Once she famously remarked that her writings were just an extension of the rebellion she was carrying out through reports in newspapers, petitions, court cases, letters to the authorities, participation in activist organisations, advocacy and through the grassroots journal she edited, Bortika, in which the ousted told their stories.
In a way, she was trying to merge the forgotten and invisible tribal history with the official history of the nation. The eminent writer and social activist passed away in Kolkata on Thursday after cardiac arrest following multi-organ failure. She was 91 and had been suffering from kidney, lung and other age-related ailments for a long time.

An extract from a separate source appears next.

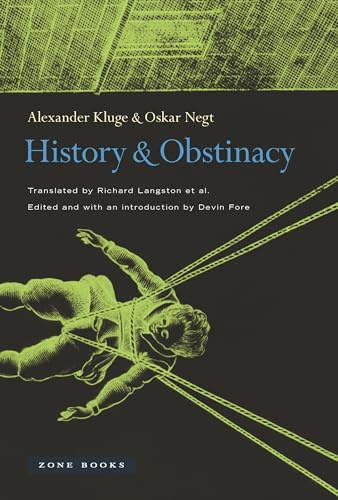 History and Obstinacy (Zone Books)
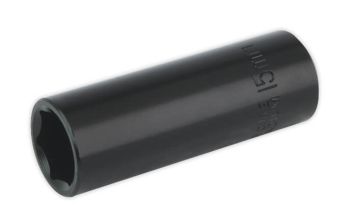 Sealey IS3815D Impact Socket 15mm Deep 3/8"Sq Drive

Mourning her death, West Bengal Chief Minister Mamata Banerjee said that her body would be kept at Peace World mortuary and on Friday morning it would be brought to the cultural hub of Rabindra Sadan where the public can pay their last respects to the departed soul. “India has lost a great writer. Bengal has lost a glorious mother. I have lost a personal guide. Mahashweta Di rest in peace", Banerjee said recalling her association with Mahasweta who had supported her in the fight against acquisition of land in Singur and Nandigram.
A litterateur with the zeal of an activist, Mahasweta Devi used expression as a tool to fight for the rights of the indigenous people and marginalised sections. Sadly, Mahasweta Devi, who had penned hundreds of heartwarming tales, could never finish her own story about the mental trauma she went through after her divorce.